The confirmed total of UK deaths from coronavirus in the UK has reached 33,614, it has been confirmed.
The Department for Health and Social Care has confirmed a further 428 deaths have been reported in the past 24 hours.
That’s the lowest increase on a non-bank holiday weekday since March 31.
On Friday May 8, a bank holiday, there were 346 deaths reproted.
The rise compares to a 494 death increase in the 24 hours prior and 627 deaths reported on Tuesday.
The daily update also said that there were 126,064 tests but only 71,644 people were tested as of 9am today.
Overall a total of 1,593,902 people have been tested of whom 233,151 tested positive.
Scotland has reported a further 34 hospital deaths due to coronavirus in the past 24 hours with 10 added to the death total in Wales.
Today it was reported that had been a 57% plunge in hospital attendances – largely attributed to a fear of catching the bug.
Downing Street said the “full impact” of the coronavirus pandemic would only be revealed by figures on excess deaths.
Experts have acknowledged there could be indirect deaths due to people being unable or unwilling to leave the home or from the NHS focusing on the coronavirus response at the expense of other services.
The Prime Minister’s official spokesman said: “It’s important to stress that the NHS has always been running services for those who needed urgent care and has shifted a lot of outpatient services to video and telephone calls.
“Trusts have been asked to start planning to bring back face-to-face, non-urgent services in a safe manner.
“That planning is under way but it’s right that that process is led by local clinicians based on how they think they can do that without putting patients and staff at unnecessary risks.”
Earlier today it was reported that the results of a human trial of a coronavirus vaccine could be available by the middle of June.
Professor Sir John Bell, regius professor of medicine at Oxford University, said “several hundred” people have been vaccinated and the challenge now is to be able to manufacture at scale once it is approved by the regulators.

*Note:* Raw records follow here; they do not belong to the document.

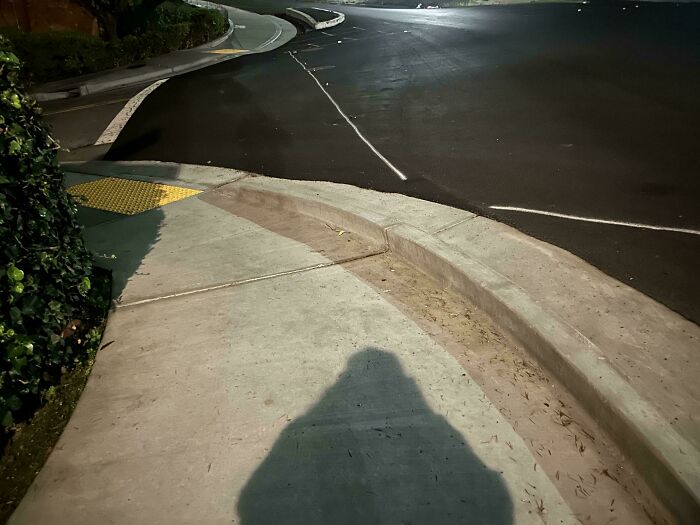 Sidewalk curb ramp missing a proper slope, illustrating a terrible product design flaw in urban accessibility features.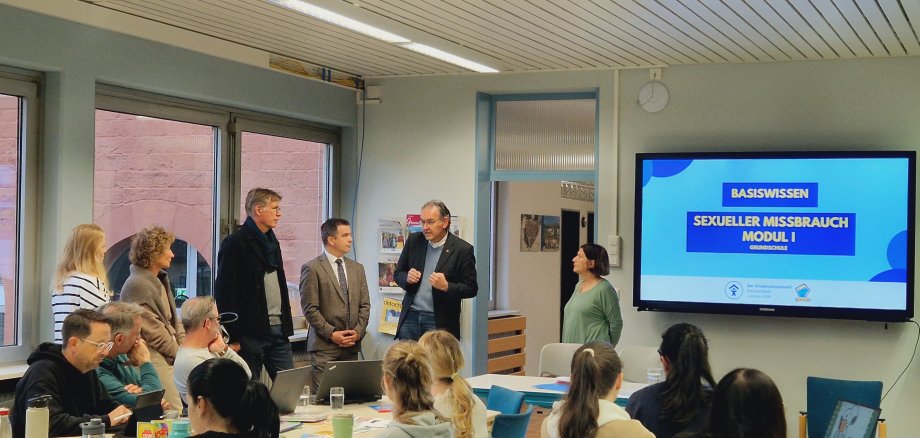 Menschen in einem Klassenraum vor einer digitalen Tafel.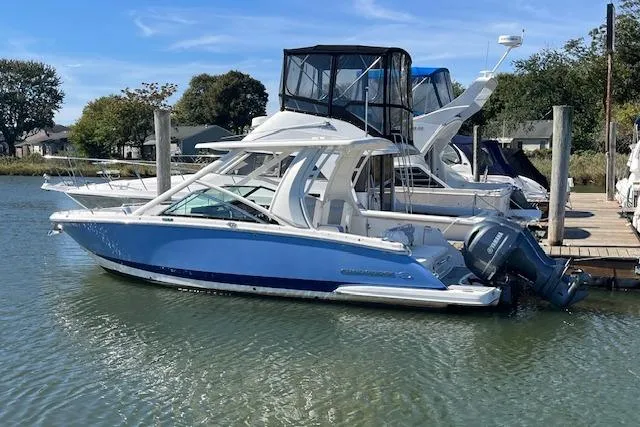 Slide: The Image of 2023 Chaparral 280 OSX boat docked in a marina, featuring a sleek blue and white design. - 0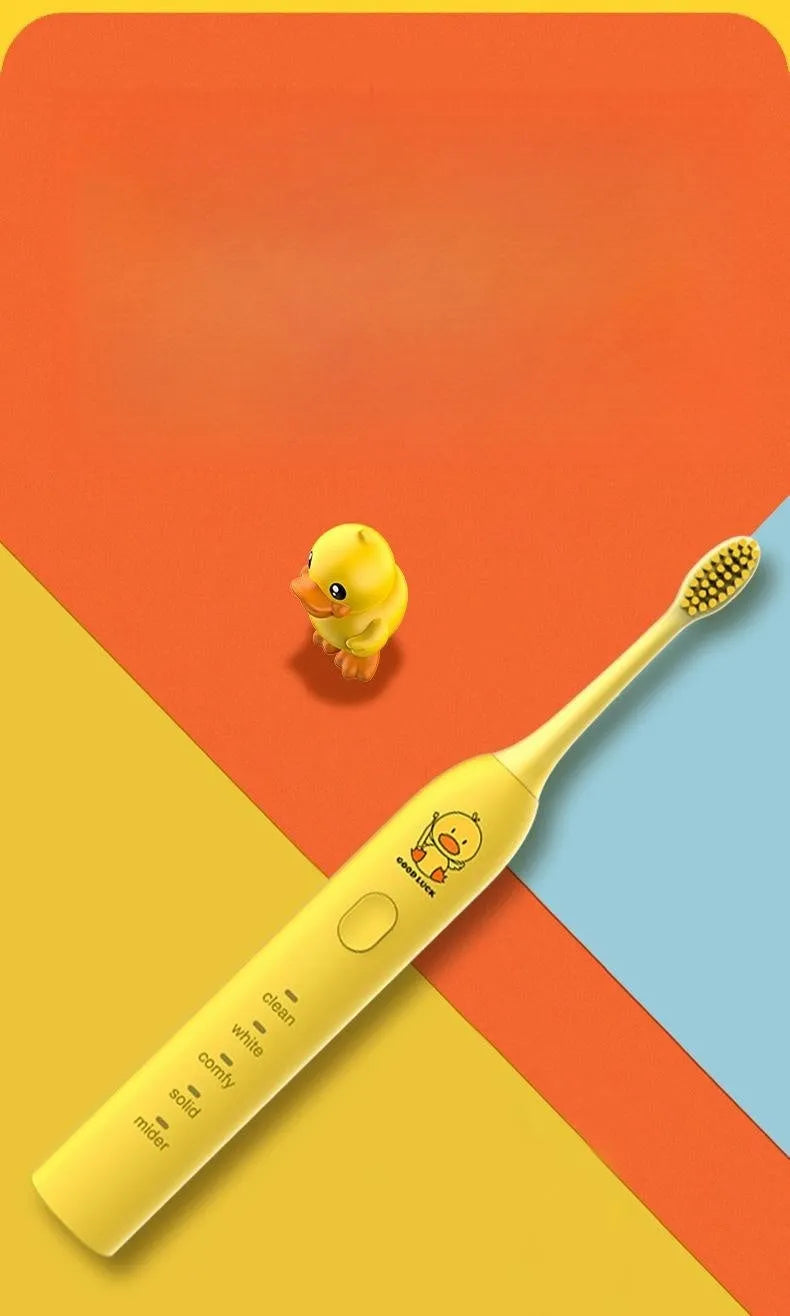 Yellow rechargeable electric toothbrush with soft bristles on a bathroom counter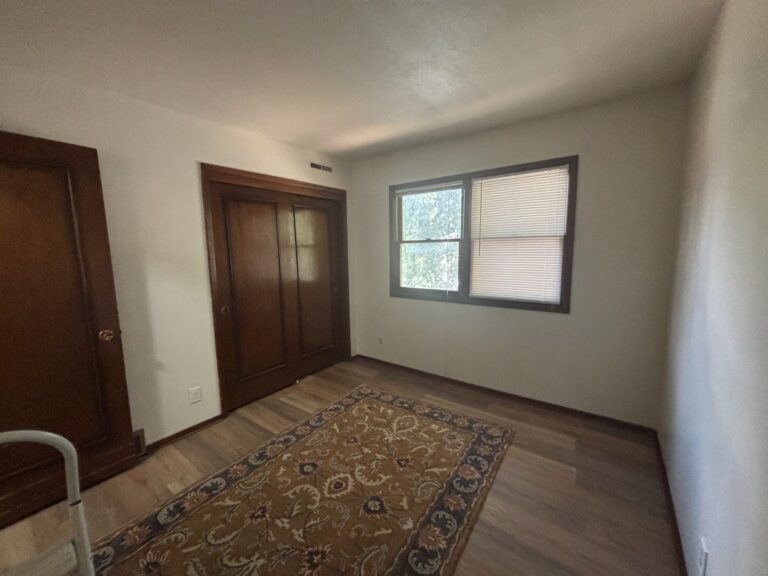 Empty room with wood floors, an ornate area rug, wooden closet doors, and a window with blinds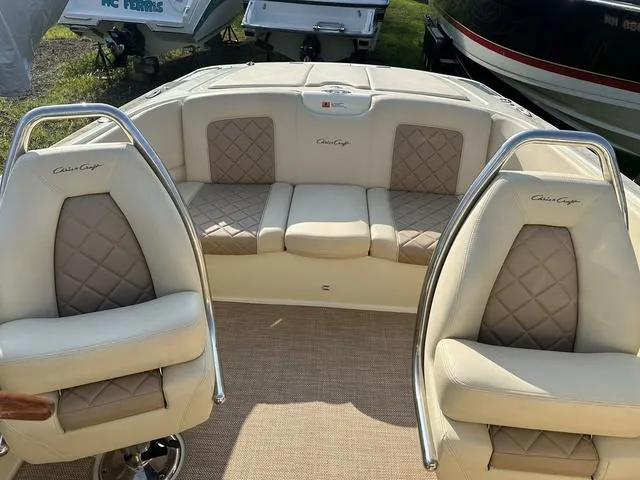 Slide: The Image of 2018 Chris-Craft Launch 23 boat interior with beige leather seating and elegant design. - 20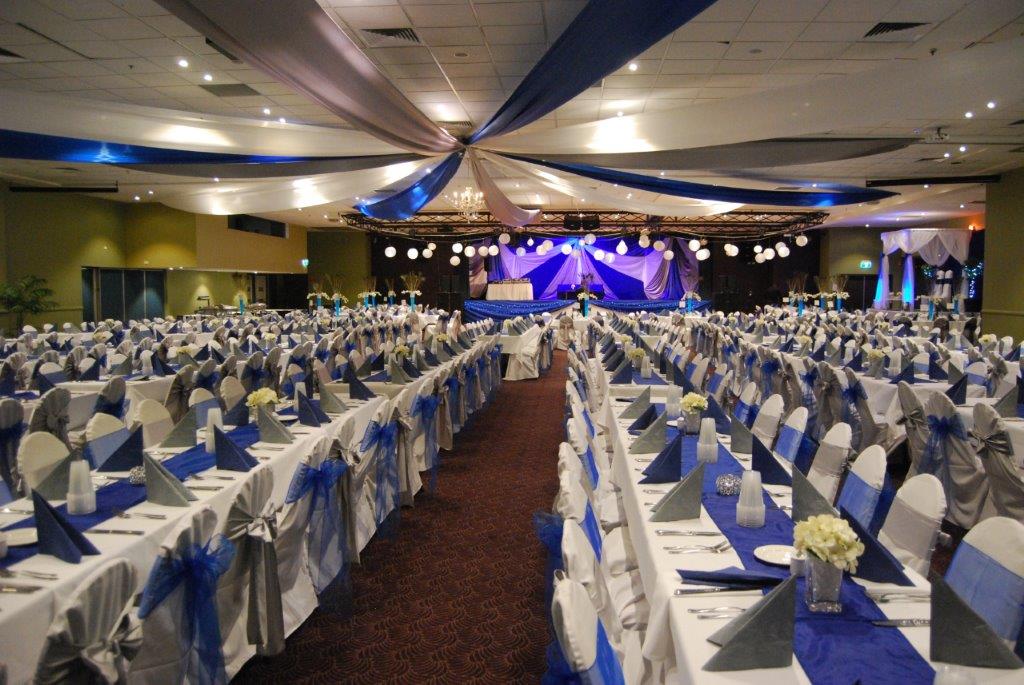 Star ceiling canopy royal blue bows long tables  - Grand Auditorium Cex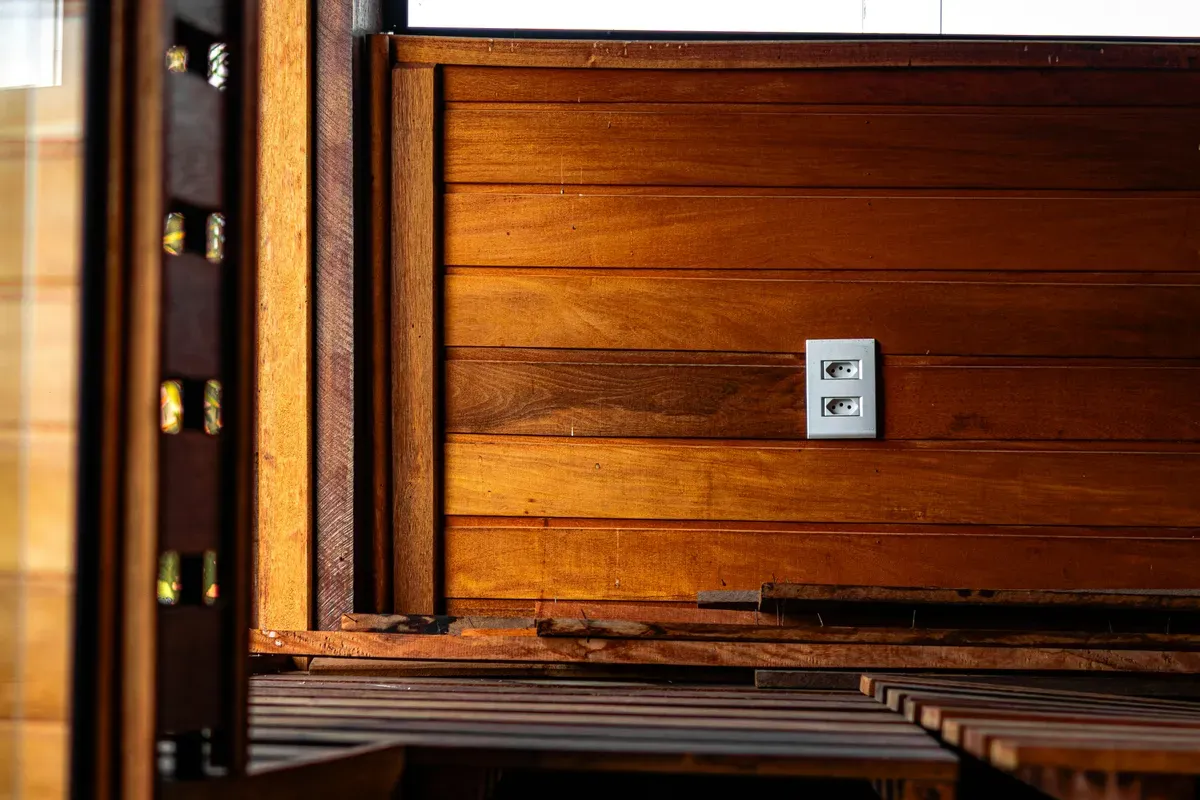 A white electrical outlet set into a warm wooden wall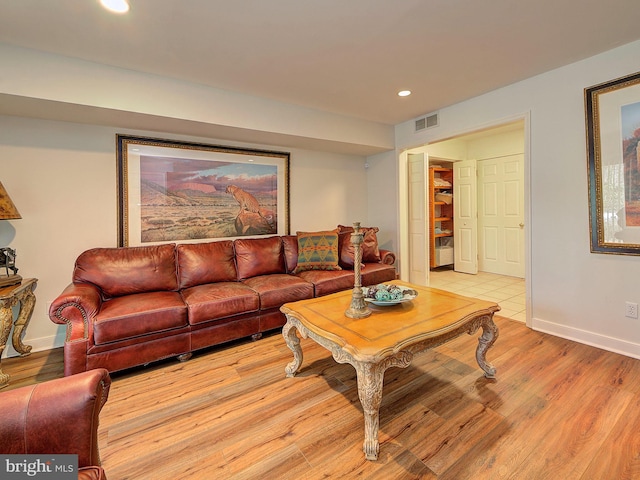 living room with light hardwood / wood-style floors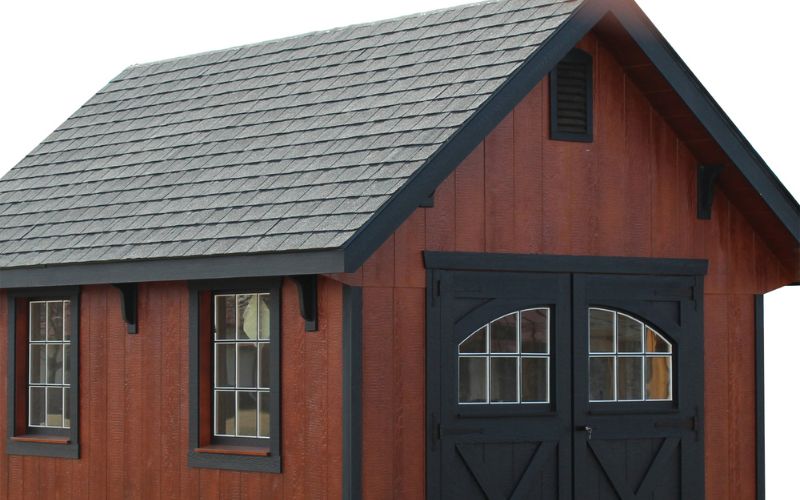 12 inch overhangs on a garden shed with brown wood siding, black trim, and a black roof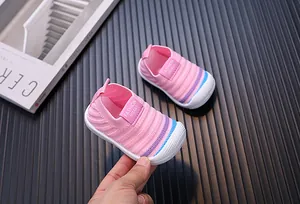 Close-up of pink breathable fly-knit baby toddler shoes with soft anti-slip white soles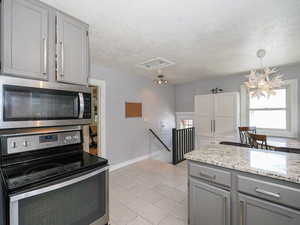 Kitchen with appliances with stainless steel finishes, gray cabinets, light tile patterned flooring, a textured ceiling, and light stone counters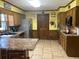 Spacious kitchen with tile floors, stainless steel appliances, and ample counter space at 3546 Mount Vernon Ct, Lawrenceville, GA 30044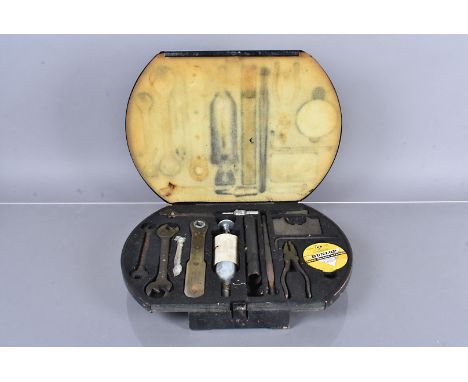 A vintage Jaguar MkII tool kit, to include spanners, an adjustable spanner, hand pump, spark plug and more, all within fitted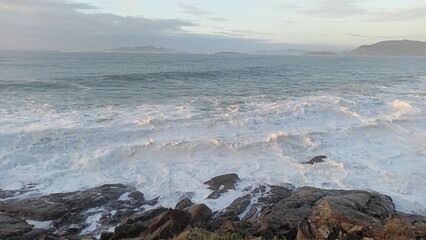 Obraz premium Stunning coastal scene featuring powerful ocean waves crashing against rugged rocks under a serene sky, with distant islands on the horizon. Perfect for nature, travel, and seascape themes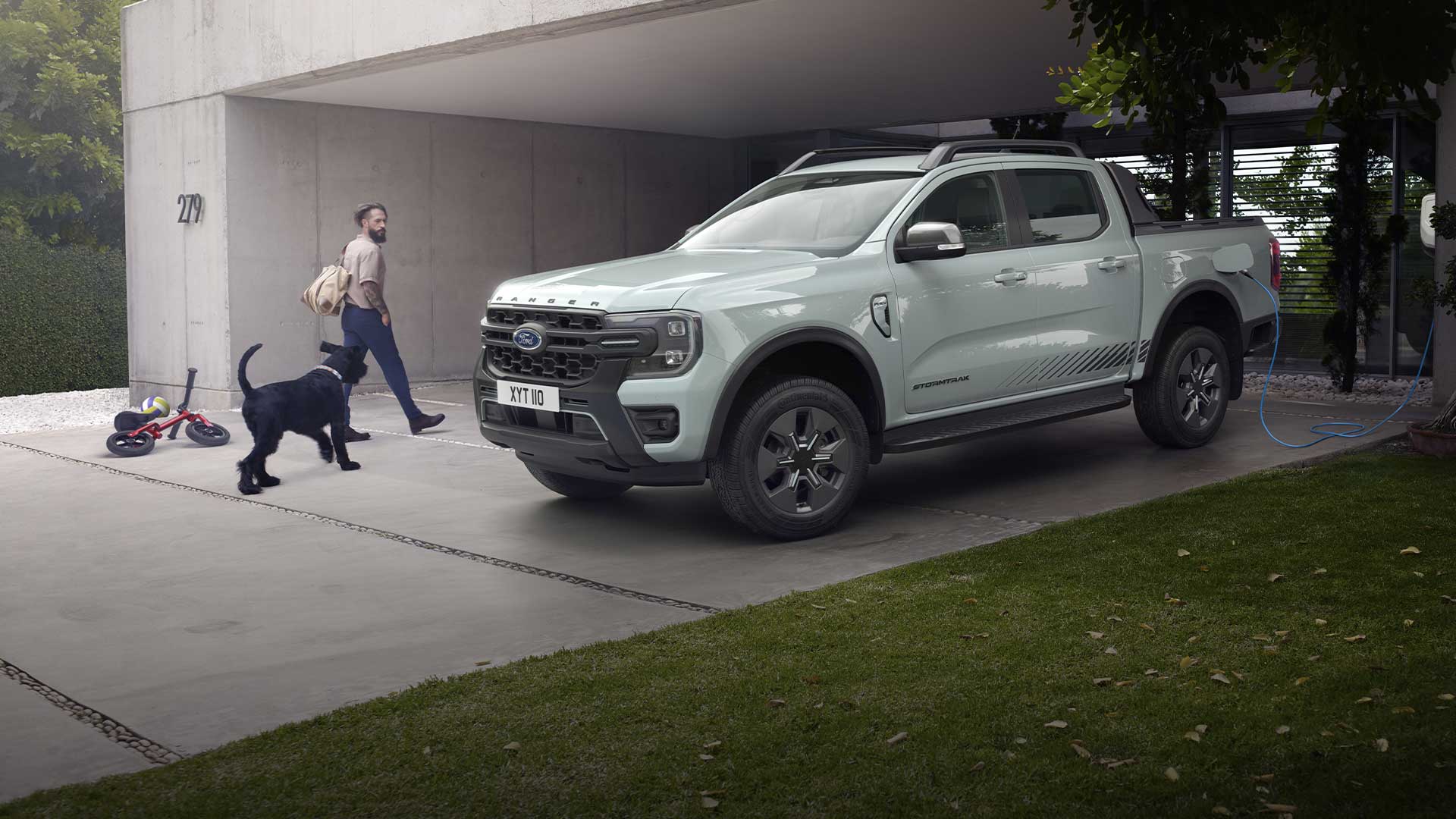 Ford Ranger Plug-in-Hybrid in Grau. Dreiviertelansicht, parkend vor einem Wohnhaus. Mann mit Hund gehen an Fahrzeug vorbei. 
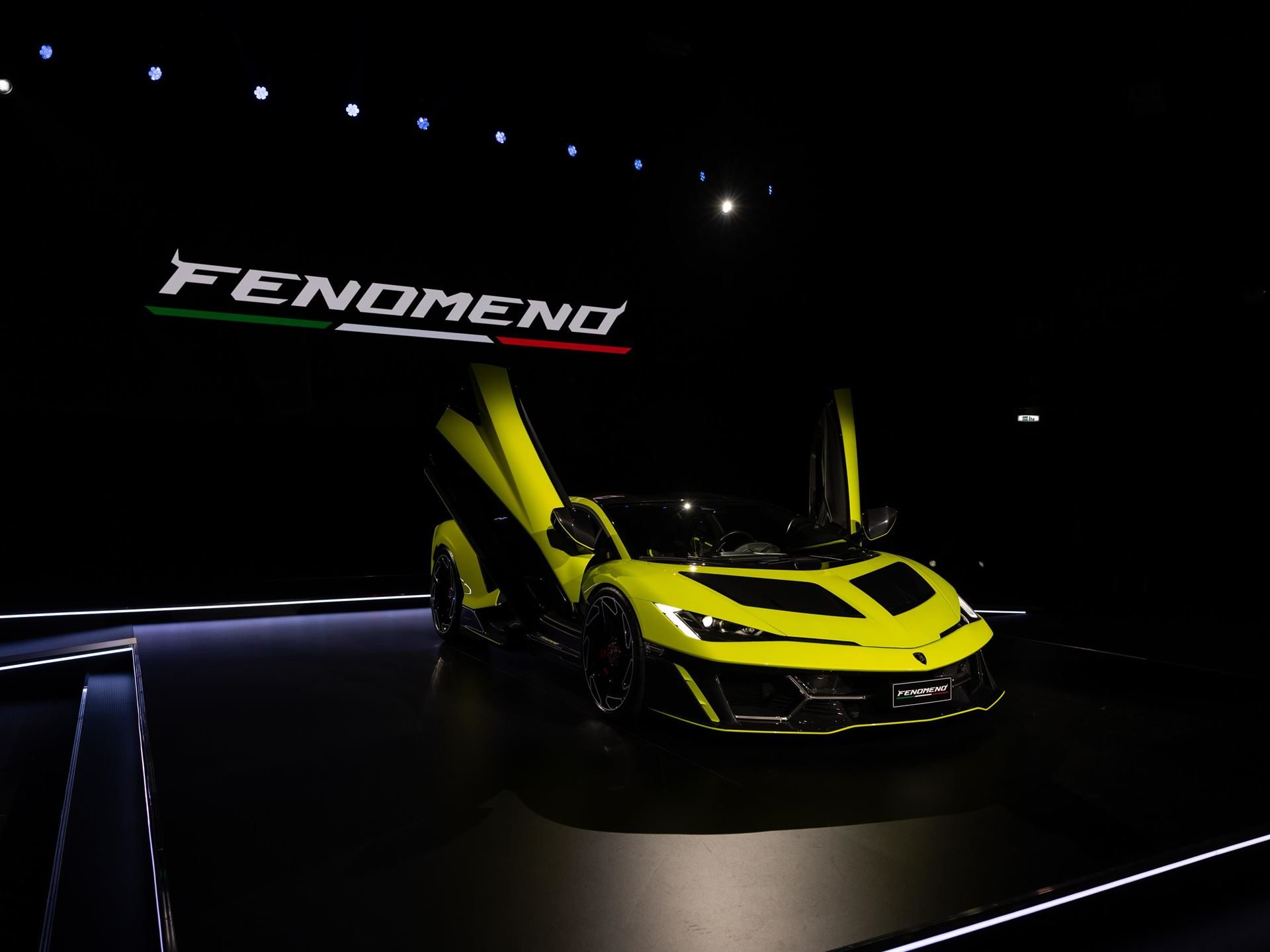 Lamborghini Day Uk Puts The Sold-Out Fenomeno And Drivable Temerario In Front Of 300 Owners At Millbrook 5 Yellow lamborghini fenomeno displayed with scissor doors open and large rear wing deployed under dramatic lighting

At the end of April a team of researchers at Oxford started testing a Covid-19 vaccine in human volunteers.
Around 1,110 are expected to take part in the trial, half receiving the vaccine candidate and the other half (the control group) receiving a widely available meningitis vaccine.
Prof Bell told BBC Radio 4’s Today programme: “We also want to make sure that the rest of the world will be ready to make this vaccine at scale so that it gets to populations in developing countries, for example, where the need is very great.
“We really need a partner to do that and that partner has a big job in the UK because our manufacturing capacity in the UK for vaccines isn’t where it needs to be, and so we are going to work together with AstraZeneca to improve that considerably.”
He rejected the idea of challenge therapy – that would deliberately infect healthy volunteers with coronavirus – and said there should be results on the vaccine trial by using normal exposure to the virus, if you keep your head down.